August 10, 2025
The venture expects to be accomplished in three years, restoring the Prince Corridor Masonic Temple to its unique legacy.
The restoration of a Black enterprise hub based by the primary Black architect in america is within the works.
Situated within the Civil Rights District of Birmingham, Alabama, the Prince Corridor Masonic Temple served as historic hub for Black companies in the course of the Jim Crow period. Established in 2022 by Robert Robinson Taylor, the aforementioned Black trailblazer in structure, the Renaissance-Revival model constructing supplied Black organizations and professionals the chance to service Black patrons inside Birmingham.

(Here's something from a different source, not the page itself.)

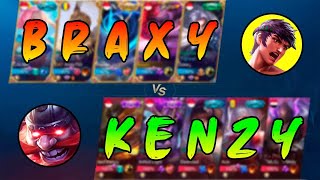 TEAM BRAXY vs TEAM KENZY  WHO WIN  MLBB [upl. by Revell]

Its explicit listing and companies led to its nickname of the “Black Skyscraper,” in response to the Nationwide Parks Service. Though initially a temple for Freemasonry, its eight tales granted an workplace area for the Nationwide Affiliation for the Development of Coloured Individuals (NAACP) in addition to the Booker T. Washington Library, the primary of its form in Birmingham to permit Black folks.
“The imaginative and prescient was to not solely have this be a constructing for the Masons, however for the bigger group,” defined Llevelyn Rhone, director of Direct Make investments Improvement, to WHBM. “A spot the place you would get these companies that you simply had been unwelcome to in different components of the town on the time.”
Amongst its rooms crammed dental and physician’s workplaces, and even areas for leisure akin to a bowling alley and pool corridor. Black seamstresses and cobblers may set up work there, whereas Black folks may even sit wherever inside its 2,000 seat auditorium, a uncommon incidence throughout that point.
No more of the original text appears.